---- DATA SEGMENT
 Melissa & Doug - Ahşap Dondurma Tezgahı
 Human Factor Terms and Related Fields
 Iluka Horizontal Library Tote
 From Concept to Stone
--------
» **EXERCISE REQUIREMENTS**
Starting at the top of the listing above, write out every line exactly as it appears.

» **REPLY**
 Melissa & Doug - Ahşap Dondurma Tezgahı
 Human Factor Terms and Related Fields
 Iluka Horizontal Library Tote
 From Concept to Stone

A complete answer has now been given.